The legend of Mahsuri is probably the most famous legend of Langkawi, and the Mahsuri’s tomb and museum brings this lore to life. The fable narrates the story of Mahsuri, a beautiful young girl who lived on the island of Langkawi about 200 years ago. She married a warrior named Wan Derus who left to fight in a war shortly after their wedding. While he was away, a travelling poet named Deramang arrived in Langkawi. Mesmerised by his poetry and singing, Mahsuri’s parents asked the poet to train her, and also allowed him to stay at their home. Wan Mahora, the wife of a high-ranking official did not approve of this and she accused Mahsuri of adultery with Deramang. It is said that Wan Mahora did this because of her jealousy towards Mahsuri’s beauty and youth. Wan Mahora’s husband believed the accusations of his wife and sentenced Mahsuri to death by stabbing. On her death bed, she cursed Langkawi with seven generations of misfortune.

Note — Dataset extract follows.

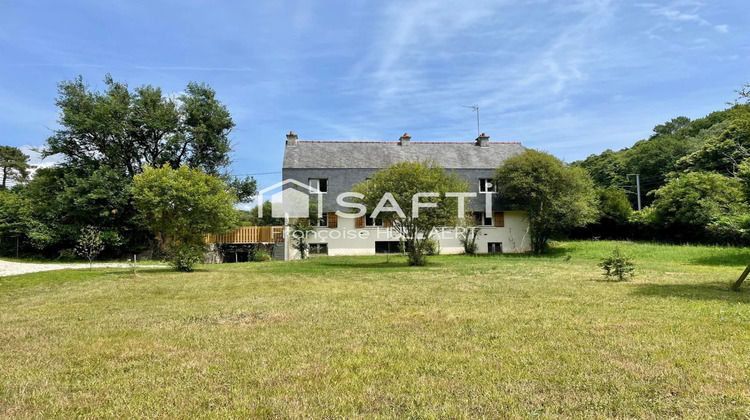 Ma-Cabane - Vente Maison Saint-Ave, 131 m²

The popularity of this legend is in part due to its likeness with the actual history of Langkawi. Soon after her death in the 18th century, Langkawi was occupied by the Siamese army. In order to discourage the Siamese, the residents of Langkawi burnt their rice fields and poisoned their wells to remove their main source of income therefor becoming less of an attractive bounty, unfortunately their efforts were in vain. Langkawi gained prosperity as a tourist attraction only in the late 20th century, after the passing of seven generations since the curse.
Besides the tomb, the museum has a music room where Malaysian women play live traditional music. The complex also has a diorama exhibit that is said to contain the weapons used to execute the maiden. Also known as Makam Mahsuri, the tomb is located 10 kilometres from the Kuah town on the Jalan Makam Mahsuri (Rd 120). It is accessible by a short 20 minute taxi ride.